Batatas com textura e com tamanhos mais uniformes, pele com melhor aspecto e qualidade, poupança de água e de energia de 32% na produção e aumento da produção limpa (sem refugo) de 12,6% são alguns dos resultados da aplicação da Agroop num terreno da Cooperativa de Apoio e Serviços do Concelho da Lourinhã (Louricoop).
Esta solução, que tem vindo a ser desenvolvida e apurada desde 2014, registou um aumento de facturação próximo dos 400%, cifrando-se actualmente em 90 mil euros. Com nove colaboradores, de programadores até especialistas em marketing, têm como objectivo contratar business developers para criarem uma rede de parceiros pelos quatros cantos do mundo.
Ambição internacional
As culturas agrícolas onde o sistema Stoock é mais ajustado são sobretudo as de pêra rocha, abacate, maça, laranjas, abacaxis, produtos hortícolas e olivais. Em produtos como o milho, não há grandes vantagens.
“São explorações gigantescas e justifica-se mais uma monitorização por satélite”, sublinha Bruno Fonseca, adiantando que o modelo de negócio da empresa está assente em duas vertentes: na venda do equipamento (um sensor Stoock tem o preço de mil euros) e numa posterior subscrição do serviço (licença anual de aproximadamente 200 euros), pela utilização da plataforma e pelo acesso à inteligência e algoritmos gerados pela mesma.
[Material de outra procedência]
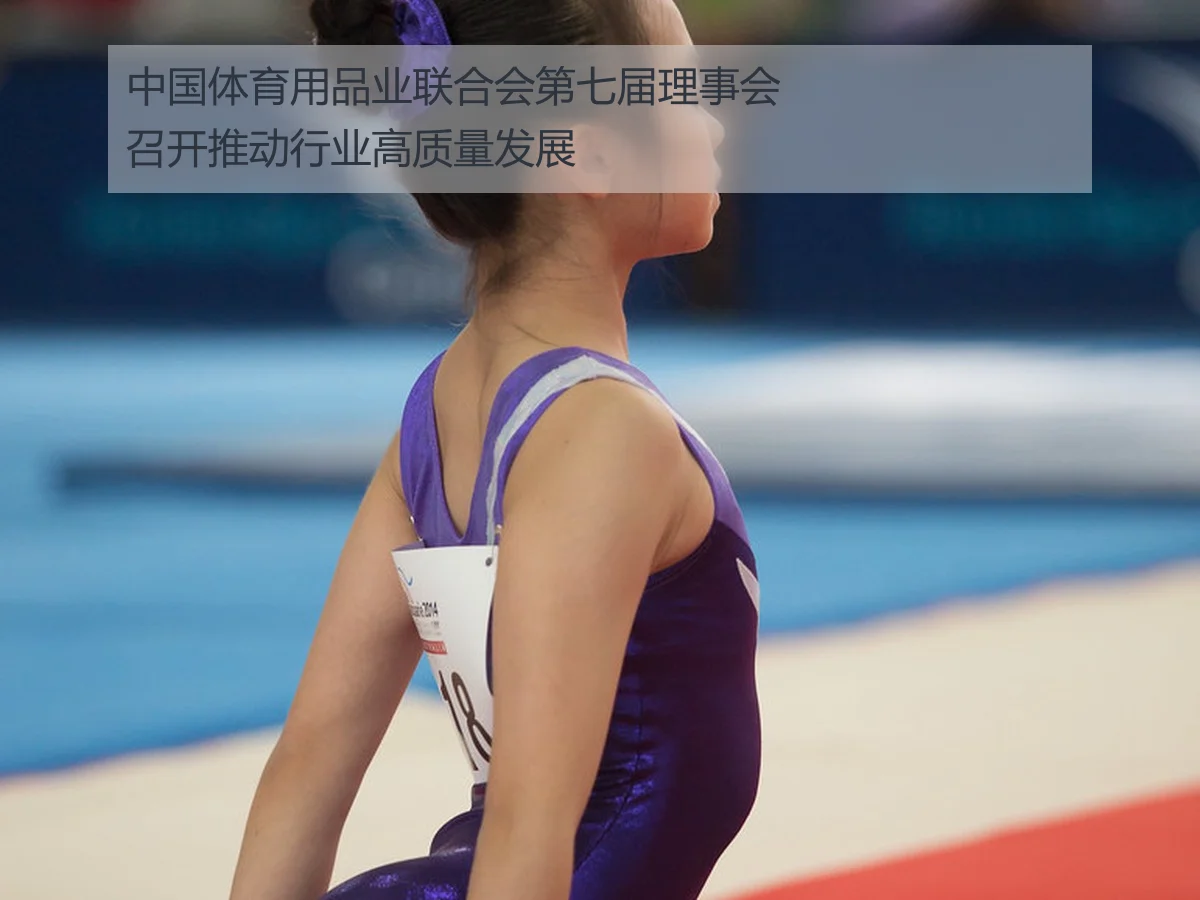 中国体育用品业联合会第七届理事会召开推动行业高质量发展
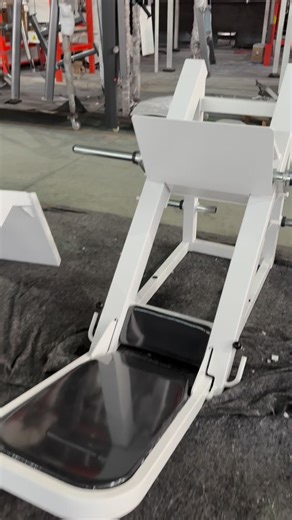 Lily liu on Instagram: "Cybex leg press #gym #factory #fitness #cybex #strengthfitnessequipment"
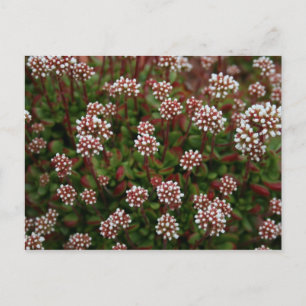 succulents in spring Postcards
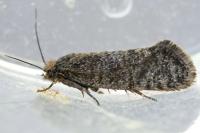 Eriocottis fuscanella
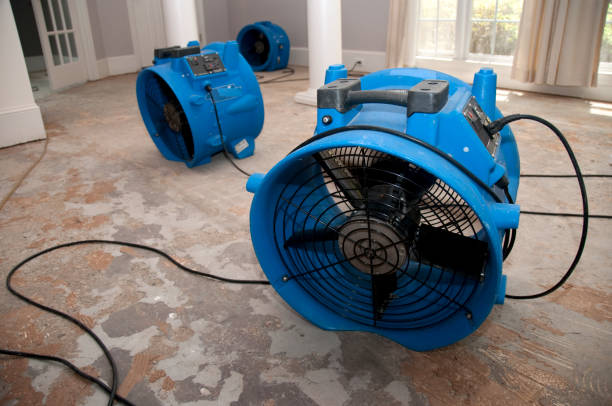 Best Water damage restoration cost  in Denver, NC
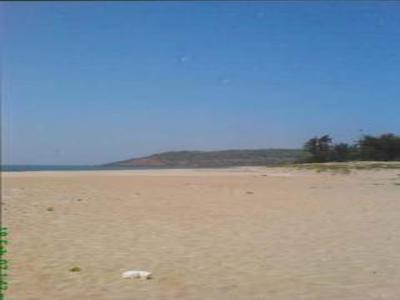 Beach Touch Property For Sale For Sale India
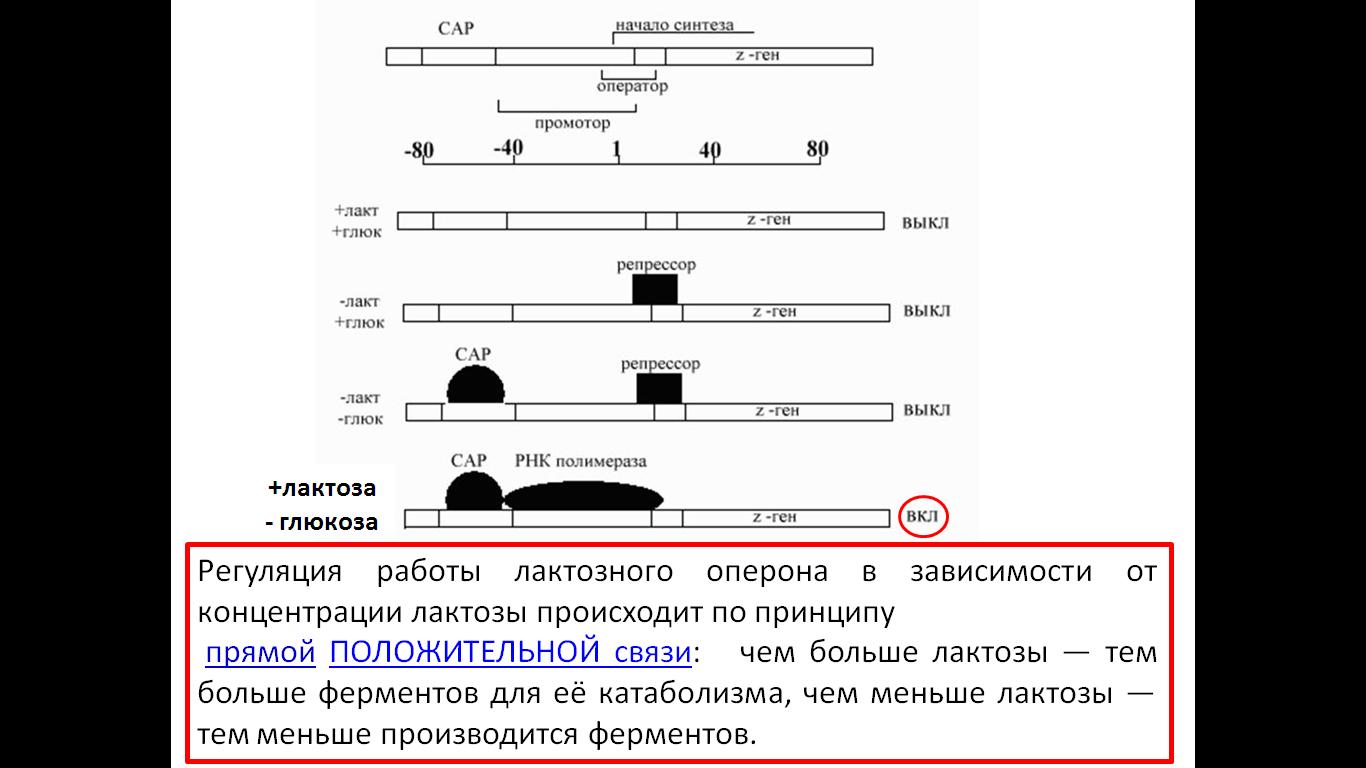 Механизмы регуляции биосинтеза белка у прокариотов. - student2.ru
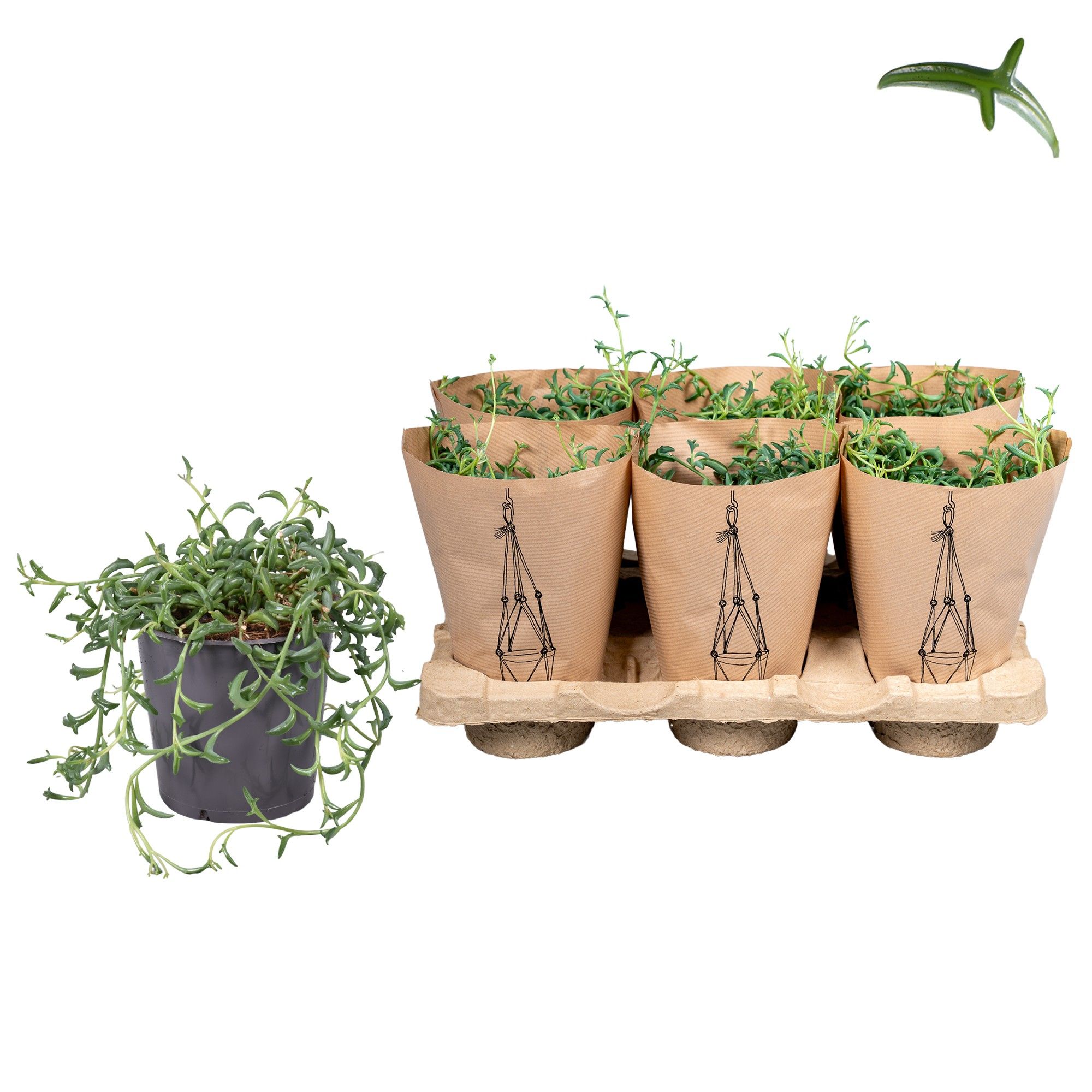 Senecio Peregrinus in Papieren Hoes, D 12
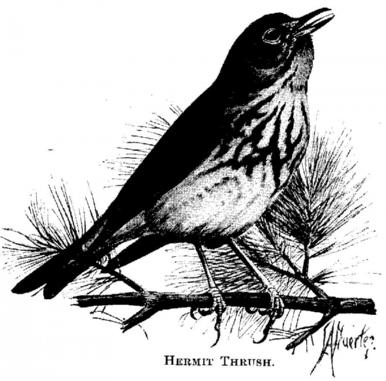 Hermit Thrush 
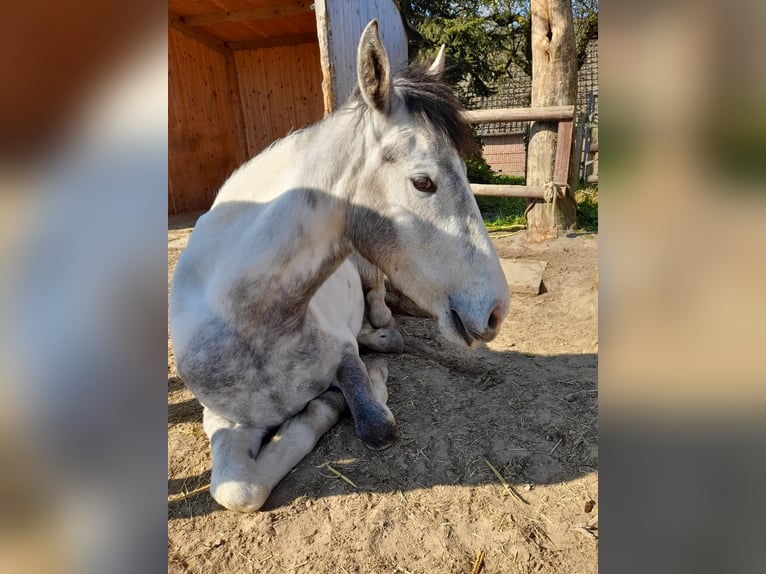 Cavallo da sella tedesco Stallone 7 Anni in Ganderkesee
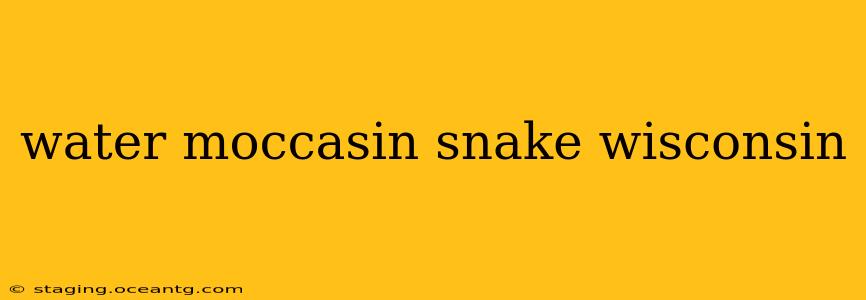 water moccasin snake wisconsin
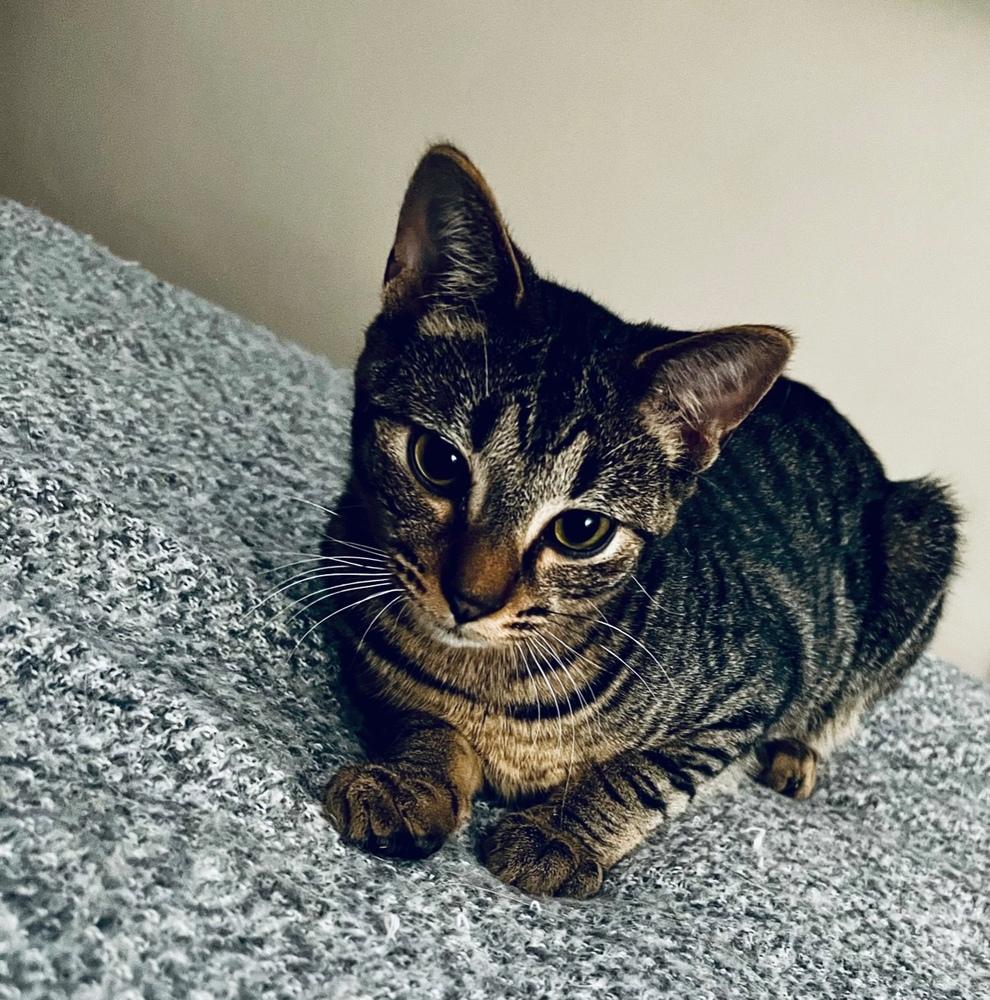 Warren, a Adoptable mixed breed in Dayton, OH image 2/6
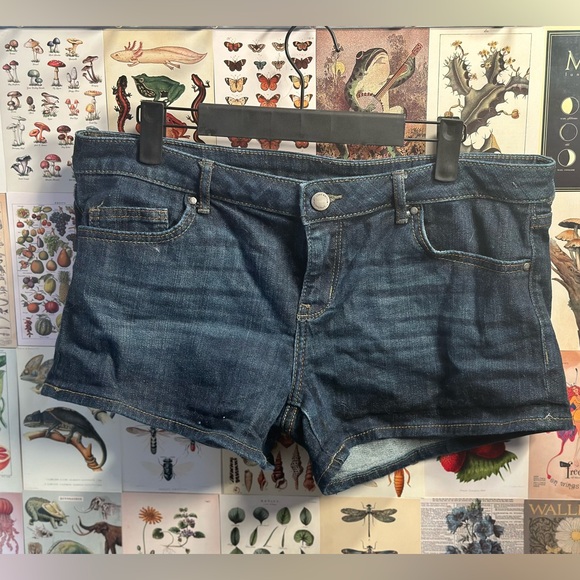 William Rast jean shorts. Size 30. Worn twice. Perfect condition. - Picture 1 of 4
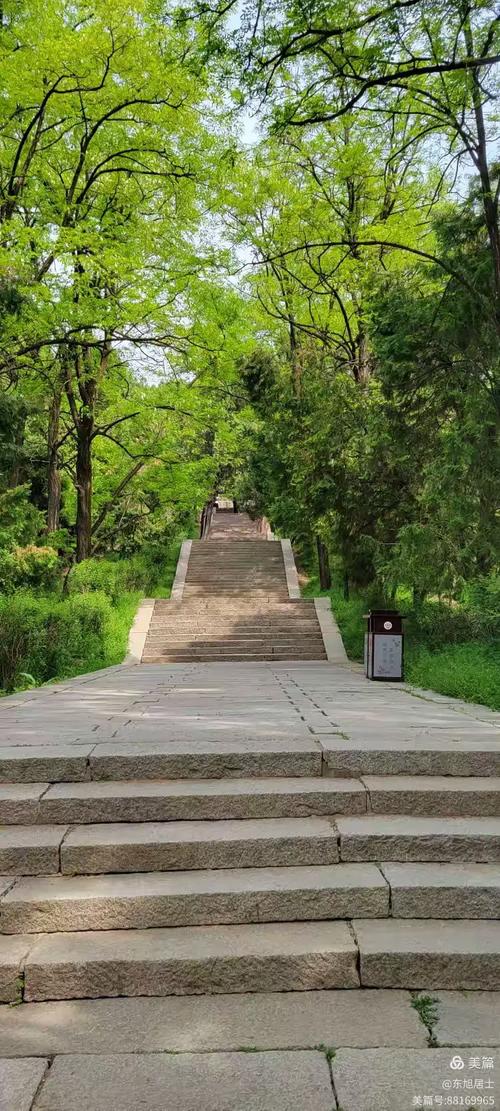 黄帝陵桥山古柏群石板步道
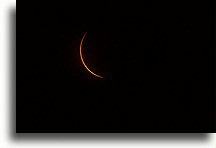 Near Totality::Francis Marion National Forest, South Carolina, United States::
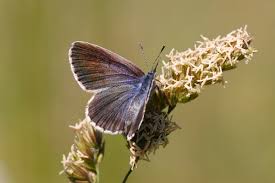 Attēlu rezultāti vaicājumam “Maculinea alcon upperside”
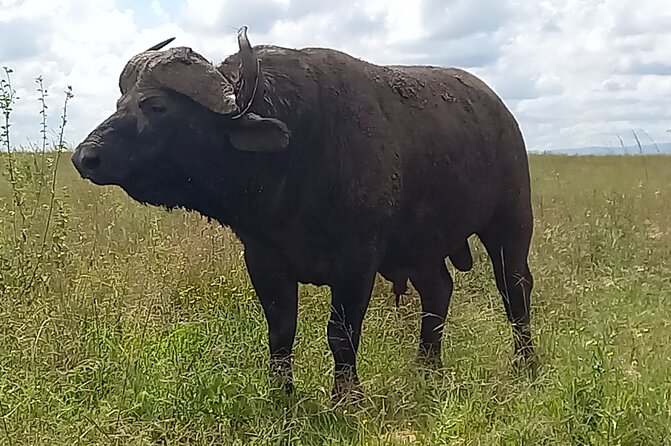 Shared Nairobi National Park Safari Tour - Price, park fees, and real value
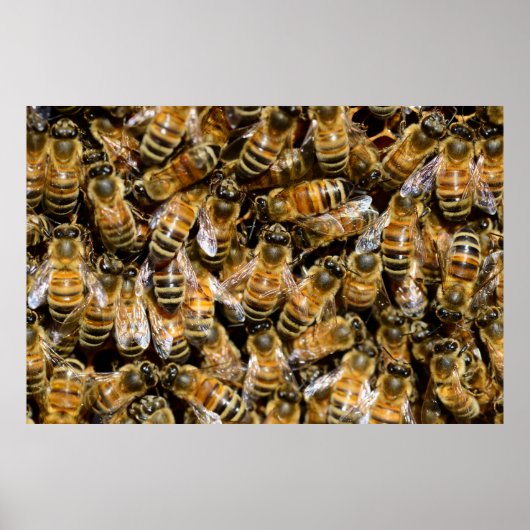 Poster Honey bees (Devant)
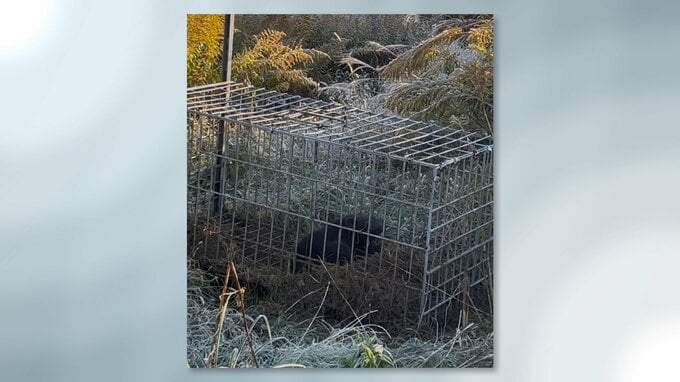 わなにかかったクマ「緊急銃猟」で駆除　県内初　福島・喜多方市|TBS NEWS DIG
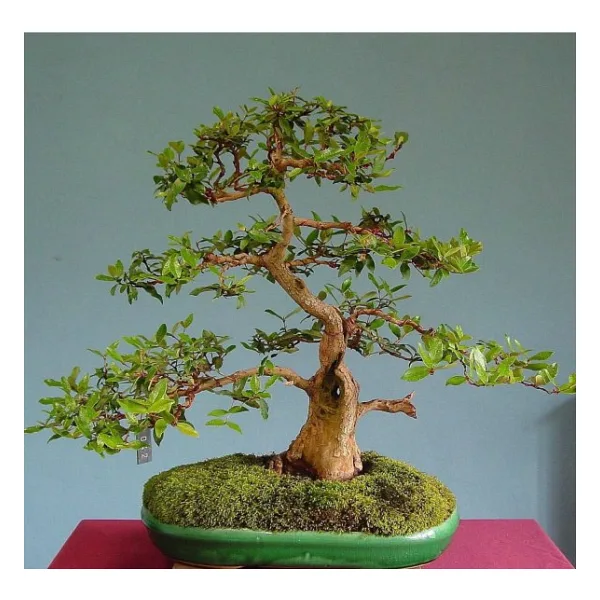 Bodur Bonsai Hambeles Ağacı Tohumu 5 Tohum +Saksı+Toprak+Hediye T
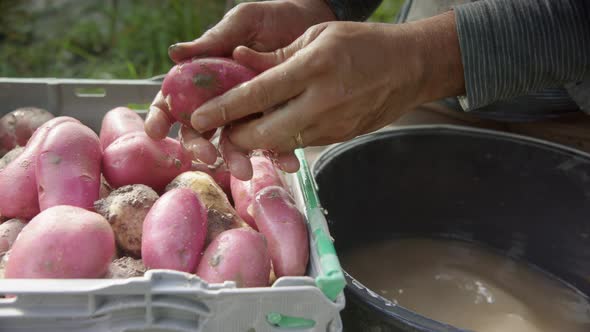 SLOW MOTION WIDE, farmer washes the skin of a newly harvested cherie potato alt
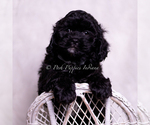 Small Photo #92 Cavapoo (Miniature) Puppy For Sale in WARSAW, IN, USA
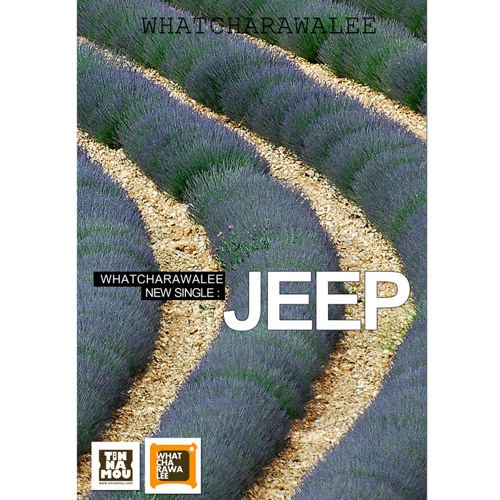 Jeep cover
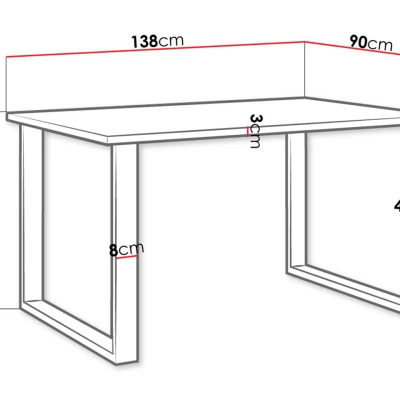 Jídelní stůl 138x90 cm IZMIR - bílý / černý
Em Portugal, esta agrotech tem 70 aparelhos instalados de Norte a Sul do país. A nível mundial estão contabilizados 115, espalhados pela Europa, América, África e Austrália.
A Agroop foi uma das primeiras start-ups a obter investimento por crowdfunding na plataforma luso-britânica Seedrs, tendo lançado três campanhas e totalizado um financiamento total de 700 mil euros. Neste momento está activa a quarta campanha e a mais ambiciosa de todas. “É nosso objectivo alcançar os 500 mil euros de investimento para suportar o plano de expansão além-fronteiras”, conta Bruno Fonseca.
O financiamento servirá para a expansão internacional e contratar especialistas que consigam encontrar uma rede de parceiros e dar suporte ao cliente final. A criação de uma plataforma de big data é outro dos objectivos. Hoje em dia, o co-fundador da Agroop não tem dúvidas ao rever o passado. “Ou reinventava o negócio ou morria”.
Em 2018, esta start-up nacional instalou a nova tecnologia em sete países e neste momento já entraram também em Angola e nos EUA. O objectivo para 2019 é o de consolidar a presença no mercado americano, australiano e mercado ibérico.
“Depois de se ter validado a tecnologia, as propostas de valor, o modelo de negócio e a escalabilidade, vamos continuar a desenvolver casos de estudos que comprovem o retorno de investimento para os nossos clientes em culturas específicas. E vamos focar-nos em atacar mercados de maior dimensão – mercados que nos permitirão suportar grande parte do processo de expansão internacional”, afirma Bruno.
Para Robbie Walton, proprietário agrícola australiano, a criação portuguesa fez a diferença na produção de mirtilos. A irrigação e a fertilização das terras, especialmente em épocas de grande calor, foram feitas de forma mais eficiente. “O sensor Stoock tem sido vital para nós, assegurando que gerimos a nossa valiosa água em todos os momentos. A tecnologia auxilia-nos na tomada de decisões e em todos os aspectos do crescimento da produção, com dados reais”, explica à FORBES.
De acordo com estimativas das Nações Unidas, em 2050, a população mundial atingirá o valor recorde de 9 mil milhões e as necessidades alimentares irão aumentar entre 60% e 90%. É neste contexto que a Agroop pode ter um papel fundamental.
“Nas próximas décadas, os produtores agrícolas só conseguirão dar resposta a toda essa procura alimentar se munidos de ferramentas que lhes permitam de facto produzir de forma mais eficiente e sustentável.
É essa a grande ambição da empresa: contribuir para a mudança de paradigma e garantir que a maioria dos empresários agrícolas poderá fazer parte desta nova revolução tecnológica”, refere Bruno Fonseca.